Horizontales, 1981 (Sala 2)

In the eighties, Mateos displayed an overwhelming energy that led him to hold up to six solo exhibitions in a row. This series, called Horizontales, corresponds to 1981, a time when a change of postulates led the sculptor to place the axis of his sculptures horizontally. In this way, the monumental character of his previous work now becomes emphatically architectural.

In these pieces, the parallelism of the planes that compress the space, arranged in severe perpendicularity with the rest of the walls, favour the architectural character of this series, further enhanced by the texture of the formwork, also arranged horizontally.

Many of them have cantilevered planes supported by one or more supporting pillars, which give the work the appearance of large structures. If Mateos's early works had parallels with Brutalist architecture, at this stage the parallels are with international architecture, and especially with the work of the architect Frank Lloyd Wright, one of its greatest exponents and for whom Ángel Mateos felt special respect and admiration.
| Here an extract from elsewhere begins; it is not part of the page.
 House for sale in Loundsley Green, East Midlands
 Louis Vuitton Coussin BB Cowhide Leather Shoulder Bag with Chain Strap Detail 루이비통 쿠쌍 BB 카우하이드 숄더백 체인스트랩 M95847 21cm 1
But make no mistake, Ángel Mateos is a sculptor and he never renounced the creative freedom of sculpture. His work is impregnated with monumental power and can therefore suggest great architectures. In the words of the author: "...in its relationship with architecture, traditional sculpture has been understood as an ornamental or additive element of architecture. On the contrary, these sculptures are conceived to be themselves a whole.